Tattoos e piercing. Cos’è rimasto della rebel rebel conosciuta in via Sarfatti? Quanti ne hai e cosa rappresentano.

La fase piercing è un po’ passata, ma ho una decina di tatuaggi molto piccoli e nascosti. Il primo lo feci a 18 anni, una scritta ‘dreamer’ dietro al collo e ricordo che faceva parte della promessa fatta a me stessa di non perdermi mai nel cinismo di chi diceva ‘smettila di sognare’. Gli altri sono tutti segni di alcuni periodi della mia vita, alcuni in comune con le persone più importanti per me, altri fatti quando ho raggiunto un determinato traguardo che mi ero prefissata. L’ultimo risale a due giorni fa, una piccola palma che sta ad indicare il life-style californiano e quello che questa nazione mi ha dato. Tengo molto anche alla sagoma dell’Italia dietro all’orecchio: come dicono qui ‘you can take a girl out of Italy, but you can’t take Italy out of a girl.’
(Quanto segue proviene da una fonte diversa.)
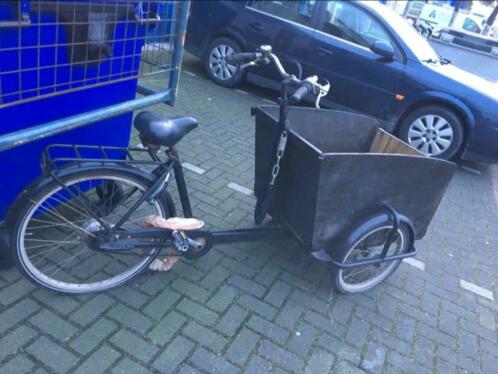 Babboe bakfiets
Se Isabella fosse un film, quale sarebbe?

Vanilla Sky. Complicato, romantico, ingenuo, sognatore, passionale, sorprendente, coraggioso, malinconico.

Back to Italy. Come ci si sente a vivere tra due mondi? Pensi saresti riuscita a realizzarti qui? Ritorneresti mai a vivere in Italia?

A volte ci penso, perché col tempo l’euforia del vivere lontana da casa passa, e la mancanza delle tue abitudini, dei tuoi profumi, delle tue persone si fa sentire sempre più forte. Mi piacerebbe tornare e portare indietro quello che ho appreso, ma quando le cose saranno diverse e ci sarà una maggiore apertura verso le diversità e maggiori opportunità, quando il vecchio dara’ spazio al nuovo. Non penso assolutamente che sarei riuscita o riuscirei a realizzarmi professionalmente nel mio settore ad oggi purtroppo, ma ho la speranza di farlo in un futuro.

Domande dirette

una colazione con Cesare Cremonini

una serata da leoni con Isa Milk

 un viaggio Cuba

un lento con sempre con Cesare Cremonini, ma solo se cuore a cuore.

un concerto  di Ennio Morricone

un cinema con Mia cugina Lucia, sua mamma Gabriella, e sua moglie Marta

un cocktail con le mie migliori amiche Isa e Giulia

un ristorante Il Pastaio a Beverly Hills

un libro L’Alchimista

un quadro Notte Stellata

 un film Midnight in Paris

limonare solo limonare con Ryan Gosling

Sei giovane e hai già dato concretezza a tanti progetti, mostrando coraggio e spirito di sacrificio. Dove ti vedi tra dieci anni?

Con un premio Oscar sulla scrivania di casa mia.

Quando non è al pc, in trasferta o dietro la scrivania, cosa fa Isabella per essere felice?

Mi butto sempre in nuove avventure, soprattutto di notte, essendo quella che gli Americani chiamano ‘night owl’. A volte vado a dei concerti all’Hollywood Bowl, a volte mi ritrovo in jamming sessions sulle colline, altre volte semplicemente a chiacchierare in piscina con i vicini o a Malibu a guardare le stelle e ad immaginarmi il futuro. La maggior parte delle sere esco dal portone senza mai sapere dove le strade di LA mi porteranno, ed e`la cosa che rende più magica questa città.